Dopey notions from speed freaks?

Comment Can block-level access storage area network data be deduplicated? Data Domain thinks so, but nobody else does.

The company also reckons deduping data on solid state drives will solve the SSD price problem. Deduplication is the removal of repeated data patterns in files to drastically shrink the space they occupy; it is used particularly with backed-up data where versions of files are repeatedly stored in case they need to be recovered. By identifying duplicated and redundant patterns and replacing them with pointers to a gold or master pattern, the space needed by the backups can be reduced, sometimes to as much as a tenth or even less of the original backup data.

Such deduplication speeds backup time, and reduces the number of disks needed and the electricity required to spin them; it's good news all round, except that deduplication imposes a processing burden above and beyond what a normal drive array controller can cope with. That means that many deduplication products land incoming raw data on their disk drives first and deduplicate it after the files have come in, termed post-processing.

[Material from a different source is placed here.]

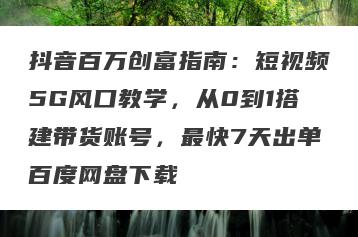 抖音百万创富指南：短视频5G风口教学，从0到1搭建带货账号，最快7天出单百度网盘下载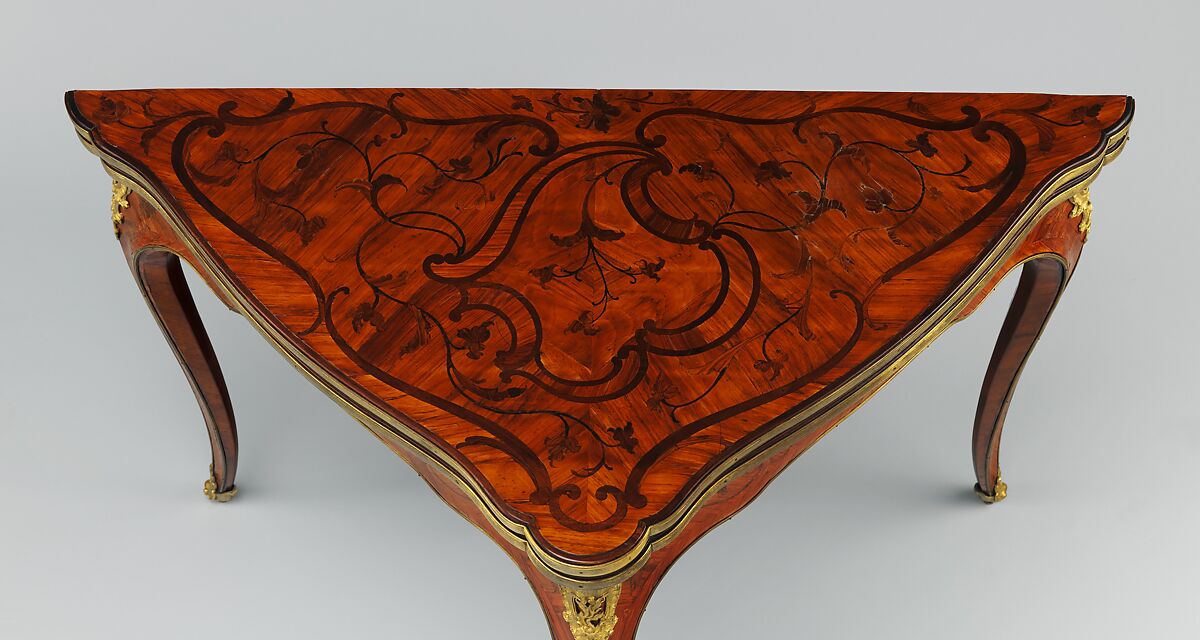 Folding card table (table de jeu brisée en angle), Attributed to Bernard II van Risenburgh (ca. 1696–ca. 1767), Oak veneered with tulipwood, purplewood, kingwood, satiné wood, walnut; gilt bronze; modern silk velvet, French, Paris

Data Domain relies on the most powerful Intel processors to drive its controllers, and is currently using 4-core Xeons in its top-end DD690 product. It processes the raw data as it comes it, in-line deduplication.

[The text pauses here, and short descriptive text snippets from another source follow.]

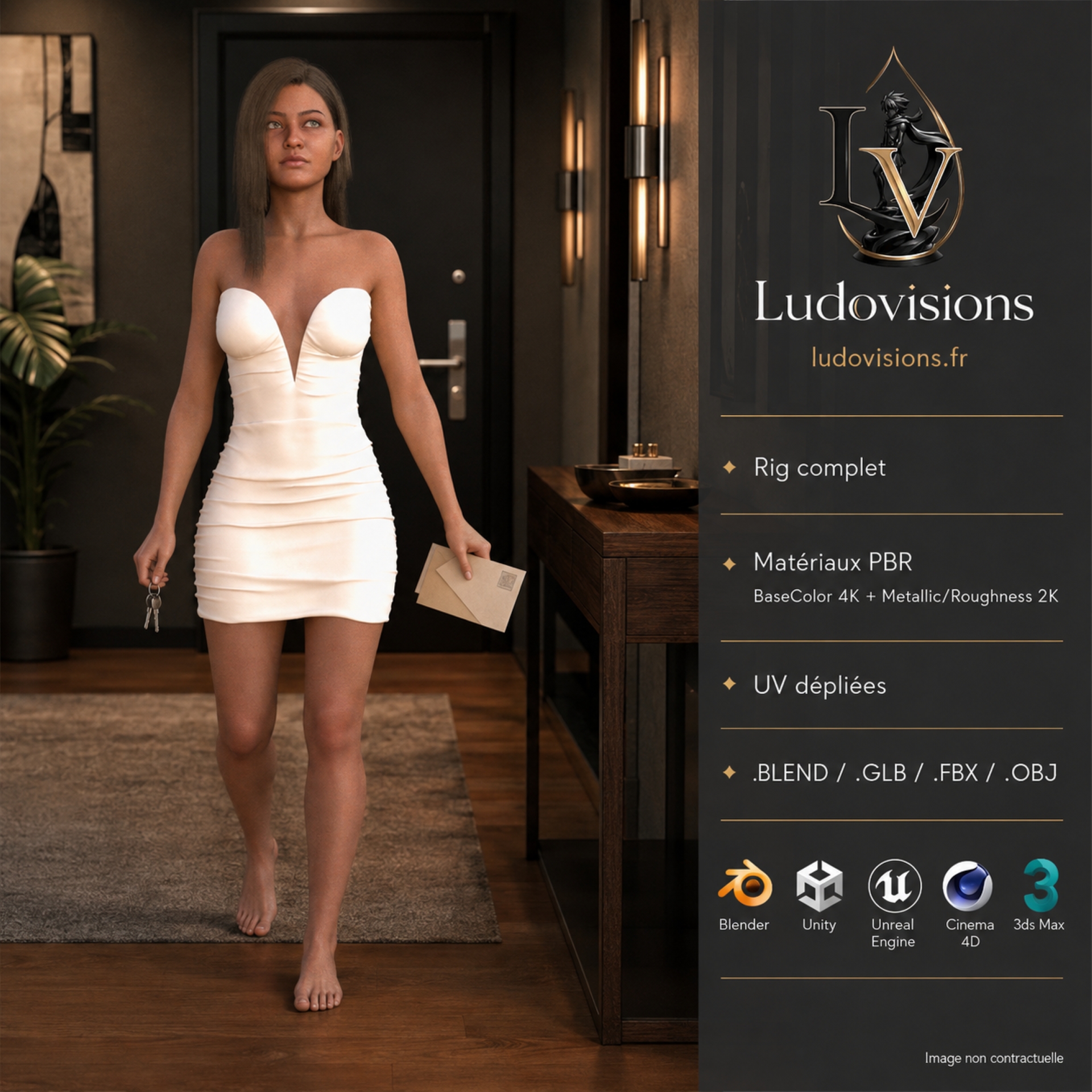 Modèle 3D femme rigged T-pose – Femme Contemporaine FC2 – Image 4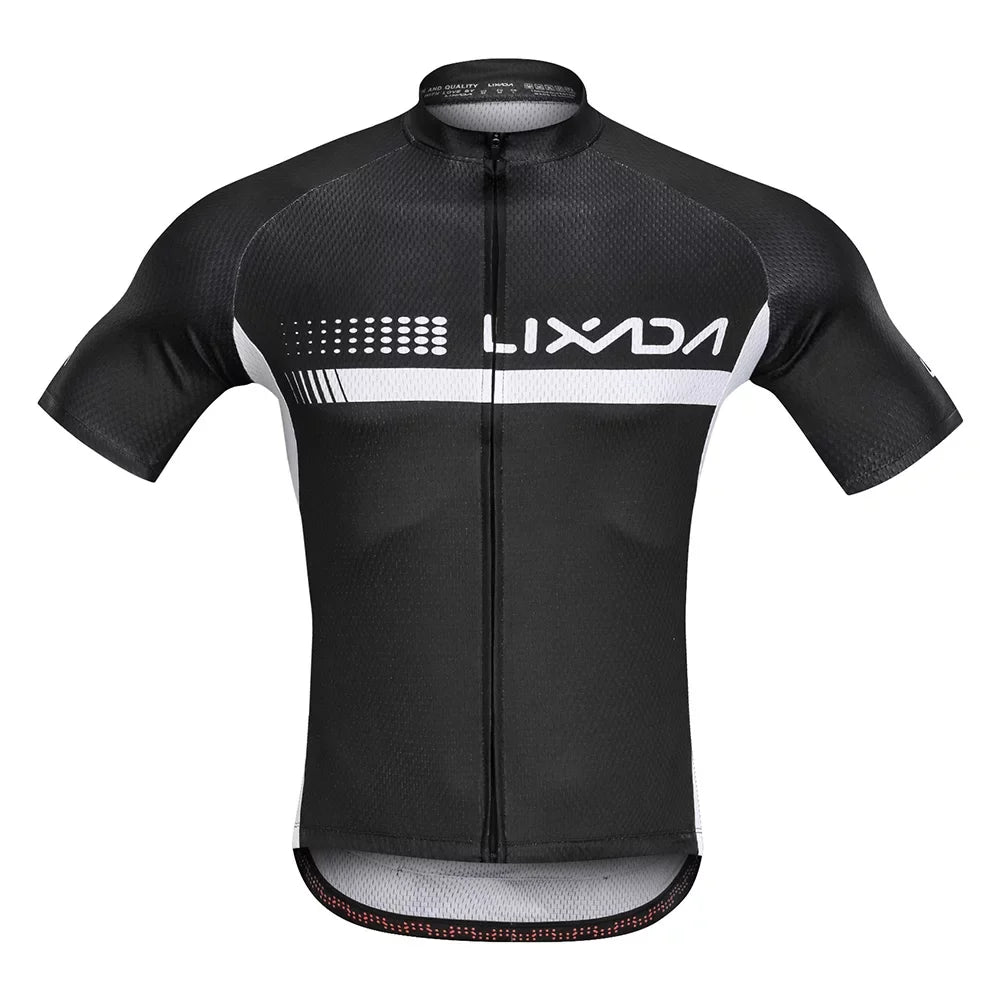 Lixada Summer Cycling Jersey Set Short Sleeve Shirt and Padded Bib Shorts Breathable  Bike Riding Biking Cycling Suit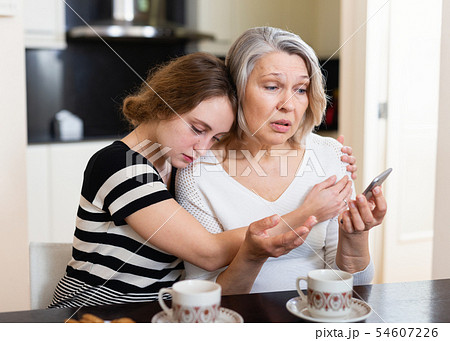 Upset women using smartphone 54607226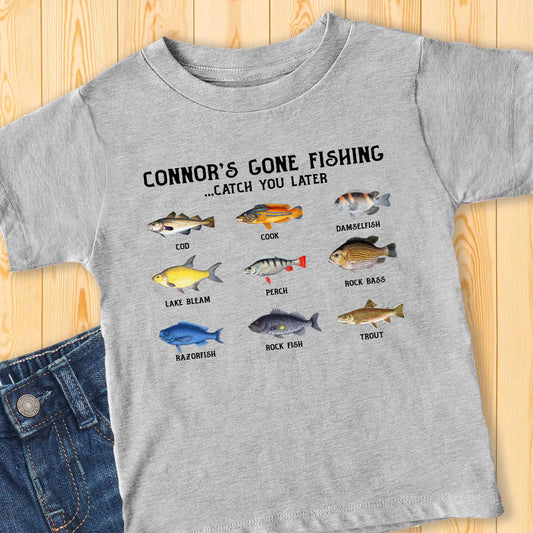 Gone Fishing Personalized Toddler T-shirt - Amazing Faith Designs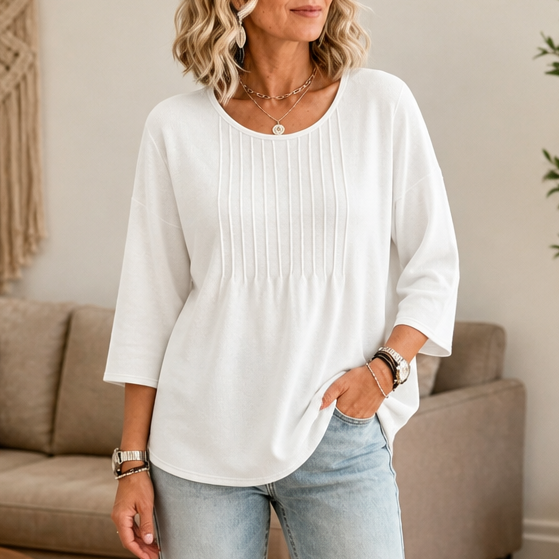 Orsola™ | Women's Pleated Round Neck Long Sleeve Tunic Top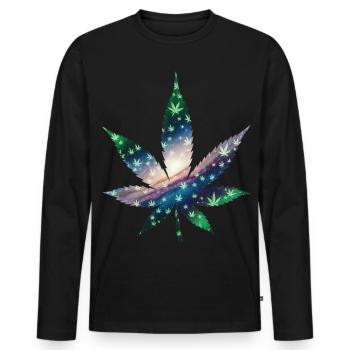 Galaxy Hanfblatt - Cannabis - Weed - Männer Premium Bio Langarmshirt - Schwarz - Vorne - Nico (187cm)
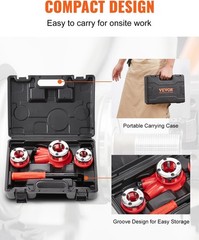 Ratchet Pipe Threader Kit with 3 Dies 1/2&Prime; NPT, 3/4&Prime; NPT, 1&Prime; NPT Ratcheting Pipe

A two-way funnel has confined deduplication to file data. It works like this: because deduplication achieves its maximum benefit with highly-redundant data, and because this is typically backup and archive file data, then deduplication is a file-level access process.

The general view is that deduplication can't be applied to transaction-level data, the stuff requiring the fastest reading and writing on storage arrays, because deduping/rehydrating (the opposite of deduplication) takes up too much time and slows the work rate of the servers involved. The net effect is that SAN data, accessed at block level, where the transaction data is stored on tier 1 drives, is not deduped.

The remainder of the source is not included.